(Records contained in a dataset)
=== Section Start ===
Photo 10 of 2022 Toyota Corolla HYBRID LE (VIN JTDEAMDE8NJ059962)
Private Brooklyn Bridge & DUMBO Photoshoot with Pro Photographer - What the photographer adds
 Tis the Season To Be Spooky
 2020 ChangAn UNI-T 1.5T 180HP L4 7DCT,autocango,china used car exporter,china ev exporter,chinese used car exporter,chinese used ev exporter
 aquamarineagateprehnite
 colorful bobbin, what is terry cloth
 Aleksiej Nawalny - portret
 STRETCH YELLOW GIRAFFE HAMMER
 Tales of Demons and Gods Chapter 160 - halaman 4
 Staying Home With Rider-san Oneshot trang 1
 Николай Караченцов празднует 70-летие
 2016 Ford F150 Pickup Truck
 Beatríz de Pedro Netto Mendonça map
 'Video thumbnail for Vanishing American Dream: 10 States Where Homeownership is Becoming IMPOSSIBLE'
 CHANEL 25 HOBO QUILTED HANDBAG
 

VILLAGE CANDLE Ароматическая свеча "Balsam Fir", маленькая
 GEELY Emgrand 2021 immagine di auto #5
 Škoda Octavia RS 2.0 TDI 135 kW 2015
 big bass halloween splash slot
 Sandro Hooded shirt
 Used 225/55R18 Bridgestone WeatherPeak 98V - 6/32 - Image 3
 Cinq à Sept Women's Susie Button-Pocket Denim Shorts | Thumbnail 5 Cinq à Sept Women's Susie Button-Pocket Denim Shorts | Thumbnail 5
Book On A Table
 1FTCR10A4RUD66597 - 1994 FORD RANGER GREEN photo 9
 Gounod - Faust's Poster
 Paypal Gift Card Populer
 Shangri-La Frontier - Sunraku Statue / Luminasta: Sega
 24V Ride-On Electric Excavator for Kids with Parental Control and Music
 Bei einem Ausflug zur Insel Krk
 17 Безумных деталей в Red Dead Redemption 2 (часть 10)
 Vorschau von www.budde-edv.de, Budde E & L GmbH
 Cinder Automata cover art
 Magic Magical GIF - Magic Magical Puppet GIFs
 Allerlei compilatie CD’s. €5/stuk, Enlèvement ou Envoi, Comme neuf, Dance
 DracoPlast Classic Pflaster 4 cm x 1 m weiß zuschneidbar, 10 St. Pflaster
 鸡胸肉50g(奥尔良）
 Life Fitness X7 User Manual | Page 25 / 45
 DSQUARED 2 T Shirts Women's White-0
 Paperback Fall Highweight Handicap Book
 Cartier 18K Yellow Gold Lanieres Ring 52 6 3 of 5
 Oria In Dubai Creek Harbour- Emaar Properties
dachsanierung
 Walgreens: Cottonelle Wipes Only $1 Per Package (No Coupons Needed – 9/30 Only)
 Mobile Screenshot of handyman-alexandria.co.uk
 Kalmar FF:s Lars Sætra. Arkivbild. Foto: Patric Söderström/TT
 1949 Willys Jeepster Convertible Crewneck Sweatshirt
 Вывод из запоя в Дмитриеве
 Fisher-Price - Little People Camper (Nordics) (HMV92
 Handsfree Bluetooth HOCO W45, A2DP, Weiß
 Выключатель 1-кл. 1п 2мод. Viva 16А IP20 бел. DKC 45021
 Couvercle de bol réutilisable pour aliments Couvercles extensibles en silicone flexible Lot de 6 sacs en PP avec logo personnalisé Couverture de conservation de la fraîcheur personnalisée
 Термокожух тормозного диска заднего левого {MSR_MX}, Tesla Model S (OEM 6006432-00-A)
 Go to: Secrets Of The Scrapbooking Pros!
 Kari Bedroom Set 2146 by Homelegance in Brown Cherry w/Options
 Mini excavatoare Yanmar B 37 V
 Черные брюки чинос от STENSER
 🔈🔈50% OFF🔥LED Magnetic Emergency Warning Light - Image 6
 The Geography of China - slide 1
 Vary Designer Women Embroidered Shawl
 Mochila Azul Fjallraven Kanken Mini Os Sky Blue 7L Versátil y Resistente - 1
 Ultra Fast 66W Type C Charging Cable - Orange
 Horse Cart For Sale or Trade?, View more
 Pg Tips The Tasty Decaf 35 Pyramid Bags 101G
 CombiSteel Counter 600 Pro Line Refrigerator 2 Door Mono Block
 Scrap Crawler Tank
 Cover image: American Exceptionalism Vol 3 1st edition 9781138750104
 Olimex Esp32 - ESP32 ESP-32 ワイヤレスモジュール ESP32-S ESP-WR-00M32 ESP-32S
=== Section End ===
> **WHAT TO WORK ON**:
Where in the records does the string "American" appear? Copy every line that has it.

> **OUTPUT FOR THIS TASK**:
 'Video thumbnail for Vanishing American Dream: 10 States Where Homeownership is Becoming IMPOSSIBLE'
 Cover image: American Exceptionalism Vol 3 1st edition 9781138750104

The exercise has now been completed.